Entiendo que hay varios procesos cruzados, que una luz nueva, una noticia con efecto, brilla con una fuerza tremenda y que eso provoca en si dos procesos cruzados: que todos los medios se amontonen frente a ella y que nuevas historias similares, por cuestiones de que no saberse solos en algo da seguridad y por qué se ve el momento de recibir la merecida atención, salen a flote y prolongan el efecto de la primera.
Conocía, de manera interna y nunca racionalizada, ese proceso y es por eso que, aunque nunca dudo de la veracidad de las historias de las víctimas, siempre desestimo las dimensiones de un fenómeno mediático y evito caer en el pánico simplón, pues siempre he creído que también el miedo es explotado y que obedece a intereses grandes, generemos pánico y desabasto, hagamos que los padres estén alerta con los extraños, hagamos que todos almacenen agua como si viniera el apocalipsis. No es que sea paranoica pero el hilo se nota y mucho.
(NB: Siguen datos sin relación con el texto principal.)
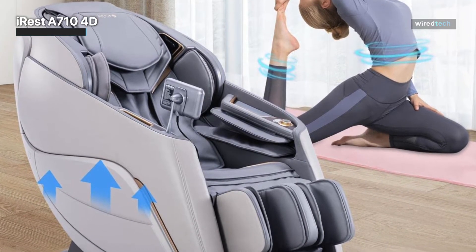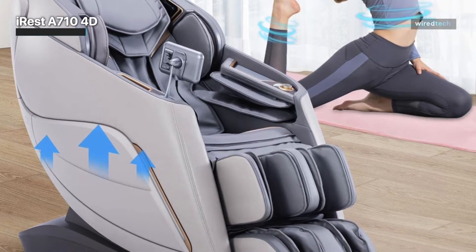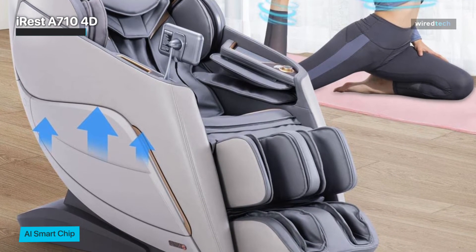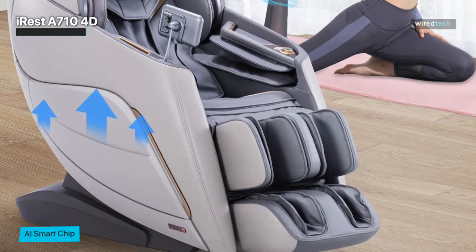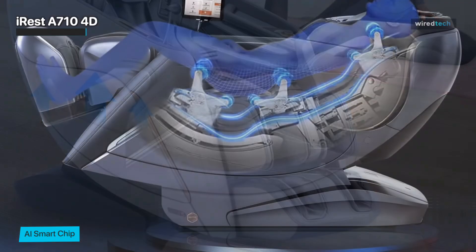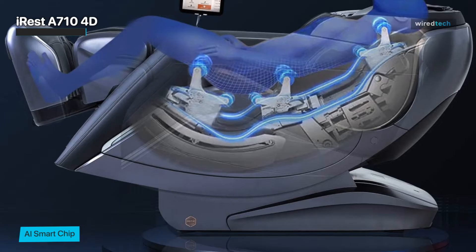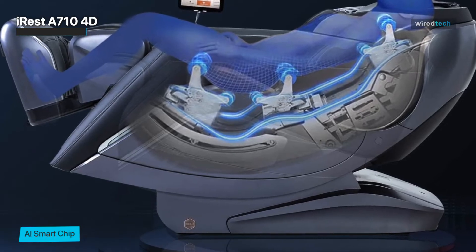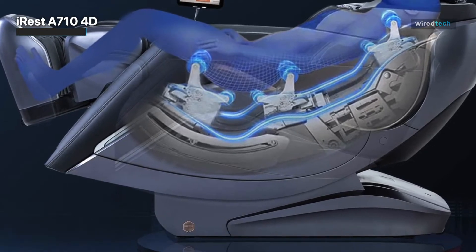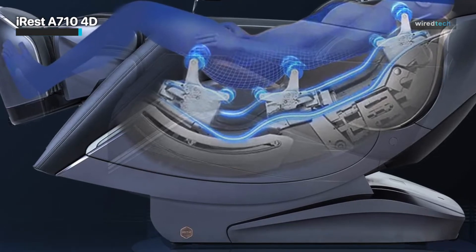The iRest A710 also comes equipped with AI voice control, allowing you to control the chair with just your voice. Plus, the touchscreen and quick access buttons make it easy to adjust the settings to your liking. With all these incredible features, it's no wonder that the iRest A710 4D Massage Chair Recliner is quickly becoming a must-have item for anyone wanting to relax and unwind in style.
Así es como me han pasado de noche epidemias, oleadas criminales, desabastos y toda una serie de catástrofes que de pronto ocupan el interés de todos y limitan sus actividades y marcan sus conductas, solo pierdo un poco la cabeza cuando viene la ley seca y se me olvida por un rato que en las tienditas de barrio vivimos siempre sin ley.
Pues con esto en la cabeza un día, fin de semana más de veinte en el termómetro, vestido sobre la rodilla, pero nada del otro mundo, salgo de casa a ver a mis amigos, celebramos, disfrutamos. Me siento cansada y me voy a casa, con prisa como cenicienta, pero sin perder un zapato, para alcanzar el último metro, ahorrarme el taxi y caminar un poco. Aún hay gente en la calle, está viva la ciudad, cambio de línea abordo otro tren, un sujeto estaba en ambos. No me extraña es un usuario de metro como yo, no le doy importancia y dormito las ultimas estaciones, suena irresponsable pero a eso suena la libertad cuando existe el temor.
Al llegar a mi estación una mano me toma el brazo, no es el señor repetido, es una mujer, como de mi edad que me mira preocupada ¿Aquí te bajas? –Asiento- te acompaño, no me gusta ese señor, me dice. Un poco desconcertada, camino tomada de su brazo en el andén, le digo que debo bajar del otro lado, la dama me acompaña, me confiesa que quiere que yo también llegue a casa. El señor baja donde nosotras, guarda su distancia.
Le pregunto su nombre, Gaby se llama, me deja en mi transporte después de prometerme que tomará un taxi ahí mismo. Llego a casa con la tremenda sensación de que acabo de sortear un peligro fatal, o tal vez no, pero contra mi horrible costumbre de nunca quedarme con la duda, me alegra que así haya sido. Una amiga me escribe para saber si llegué bien, se asusta con mi relato, me doy cuenta siete días después de que yo también estoy asustada cuando noto que por primera vez en años no salgo de noche un fin de semana entero. Me doy cuenta de que sigo asustada 10 días después mientras escribo esto y de que omití, sin quererlo, contarle a mucha gente.
No suelo creer en las noticias reiteradas como un grave peligro, sospecho que sobre un fondo de arroz los frijoles juntos hacen una mancha mucho más visible y que la forma en que se le hace énfasis el fotógrafo resalta su tamaño. Pero también descubro que no quiero ser un frijol en una foto ni permitir, si esta en mis manos, que nadie más lo sea, y que las tendencias mediáticas no son tan malas si en vez de provocar terror, desconfianza y atrincheramiento egoísta, allanan el camino de la solidaridad, para que todos podamos gozar de la vida sin salir en las noticias.